++++ EXCERPTED DATA
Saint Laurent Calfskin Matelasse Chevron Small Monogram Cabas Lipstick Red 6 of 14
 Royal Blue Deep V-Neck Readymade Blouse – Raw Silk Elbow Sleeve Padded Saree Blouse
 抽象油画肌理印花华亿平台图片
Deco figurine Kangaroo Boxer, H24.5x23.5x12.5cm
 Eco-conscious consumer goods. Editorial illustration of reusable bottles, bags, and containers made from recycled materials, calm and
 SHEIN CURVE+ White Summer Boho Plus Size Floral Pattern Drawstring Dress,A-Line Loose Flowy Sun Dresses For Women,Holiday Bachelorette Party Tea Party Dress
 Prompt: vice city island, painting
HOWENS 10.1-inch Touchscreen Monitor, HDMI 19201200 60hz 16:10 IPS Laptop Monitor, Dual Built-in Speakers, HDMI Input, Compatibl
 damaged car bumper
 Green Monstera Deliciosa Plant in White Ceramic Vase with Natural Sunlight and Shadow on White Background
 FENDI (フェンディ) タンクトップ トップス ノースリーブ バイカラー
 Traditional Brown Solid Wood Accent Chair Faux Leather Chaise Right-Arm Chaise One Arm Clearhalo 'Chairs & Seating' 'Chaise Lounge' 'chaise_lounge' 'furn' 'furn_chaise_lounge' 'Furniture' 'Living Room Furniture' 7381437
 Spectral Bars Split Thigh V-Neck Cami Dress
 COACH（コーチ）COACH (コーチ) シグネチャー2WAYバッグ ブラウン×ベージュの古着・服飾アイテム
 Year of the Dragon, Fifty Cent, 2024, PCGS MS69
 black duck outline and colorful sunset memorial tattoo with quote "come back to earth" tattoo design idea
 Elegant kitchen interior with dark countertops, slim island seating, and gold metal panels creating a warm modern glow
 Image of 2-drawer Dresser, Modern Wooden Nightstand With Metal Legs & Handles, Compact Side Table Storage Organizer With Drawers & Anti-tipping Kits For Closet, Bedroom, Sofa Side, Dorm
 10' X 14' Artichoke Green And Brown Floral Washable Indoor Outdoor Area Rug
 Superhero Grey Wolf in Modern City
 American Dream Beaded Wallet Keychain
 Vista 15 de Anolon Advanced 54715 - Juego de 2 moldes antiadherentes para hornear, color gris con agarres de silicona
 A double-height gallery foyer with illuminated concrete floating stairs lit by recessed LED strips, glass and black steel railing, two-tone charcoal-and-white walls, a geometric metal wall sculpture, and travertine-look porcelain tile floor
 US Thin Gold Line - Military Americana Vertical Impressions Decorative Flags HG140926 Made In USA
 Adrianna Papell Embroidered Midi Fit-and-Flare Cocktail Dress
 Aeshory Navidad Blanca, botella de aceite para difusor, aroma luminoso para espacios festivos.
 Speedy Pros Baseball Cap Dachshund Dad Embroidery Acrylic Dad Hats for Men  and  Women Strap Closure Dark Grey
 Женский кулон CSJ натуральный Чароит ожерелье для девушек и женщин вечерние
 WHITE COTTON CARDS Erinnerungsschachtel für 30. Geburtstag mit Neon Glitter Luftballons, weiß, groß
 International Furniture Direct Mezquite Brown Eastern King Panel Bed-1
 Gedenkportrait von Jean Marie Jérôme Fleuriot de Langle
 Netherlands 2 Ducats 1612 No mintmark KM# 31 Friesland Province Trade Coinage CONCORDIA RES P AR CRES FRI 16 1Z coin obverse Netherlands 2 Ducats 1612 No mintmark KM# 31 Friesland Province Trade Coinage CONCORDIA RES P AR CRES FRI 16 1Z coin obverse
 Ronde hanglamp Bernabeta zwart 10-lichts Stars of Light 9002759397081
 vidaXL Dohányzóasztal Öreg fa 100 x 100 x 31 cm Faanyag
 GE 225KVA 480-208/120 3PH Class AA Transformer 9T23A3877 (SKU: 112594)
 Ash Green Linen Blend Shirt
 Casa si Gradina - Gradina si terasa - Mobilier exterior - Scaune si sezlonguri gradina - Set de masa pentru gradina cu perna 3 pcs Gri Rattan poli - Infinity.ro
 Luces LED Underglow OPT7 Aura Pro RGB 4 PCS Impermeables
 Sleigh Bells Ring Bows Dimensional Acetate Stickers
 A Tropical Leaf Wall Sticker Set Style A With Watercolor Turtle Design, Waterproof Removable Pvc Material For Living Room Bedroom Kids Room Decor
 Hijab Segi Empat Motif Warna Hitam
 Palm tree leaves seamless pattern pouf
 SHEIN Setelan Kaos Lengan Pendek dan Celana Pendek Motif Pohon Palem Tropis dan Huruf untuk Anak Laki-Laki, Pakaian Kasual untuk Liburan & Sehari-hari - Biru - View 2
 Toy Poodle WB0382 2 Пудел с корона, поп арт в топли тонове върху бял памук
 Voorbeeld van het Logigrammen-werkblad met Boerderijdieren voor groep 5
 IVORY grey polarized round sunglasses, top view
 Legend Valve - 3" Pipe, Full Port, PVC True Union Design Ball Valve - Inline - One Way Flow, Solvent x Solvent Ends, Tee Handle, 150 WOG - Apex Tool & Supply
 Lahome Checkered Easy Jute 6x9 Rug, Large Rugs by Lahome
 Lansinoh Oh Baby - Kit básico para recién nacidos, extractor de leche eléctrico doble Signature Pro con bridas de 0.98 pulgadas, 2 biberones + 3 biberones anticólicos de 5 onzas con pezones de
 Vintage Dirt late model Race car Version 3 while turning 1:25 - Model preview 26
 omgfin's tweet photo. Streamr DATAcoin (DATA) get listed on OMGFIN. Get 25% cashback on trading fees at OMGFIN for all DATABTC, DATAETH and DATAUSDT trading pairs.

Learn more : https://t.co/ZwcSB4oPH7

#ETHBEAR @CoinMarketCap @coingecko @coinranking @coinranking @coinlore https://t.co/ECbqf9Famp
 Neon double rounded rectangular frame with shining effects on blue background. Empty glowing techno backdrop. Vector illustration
++++++++
PROBLEM STATEMENT - Both the line containing "Speedy Pros Baseball" and the line containing "WHITE COTTON CARDS" belong in the answer. Print them and every line above that falls between them exactly, and no others.

WRITTEN RESPONSE -
 Speedy Pros Baseball Cap Dachshund Dad Embroidery Acrylic Dad Hats for Men  and  Women Strap Closure Dark Grey
 Женский кулон CSJ натуральный Чароит ожерелье для девушек и женщин вечерние
 WHITE COTTON CARDS Erinnerungsschachtel für 30. Geburtstag mit Neon Glitter Luftballons, weiß, groß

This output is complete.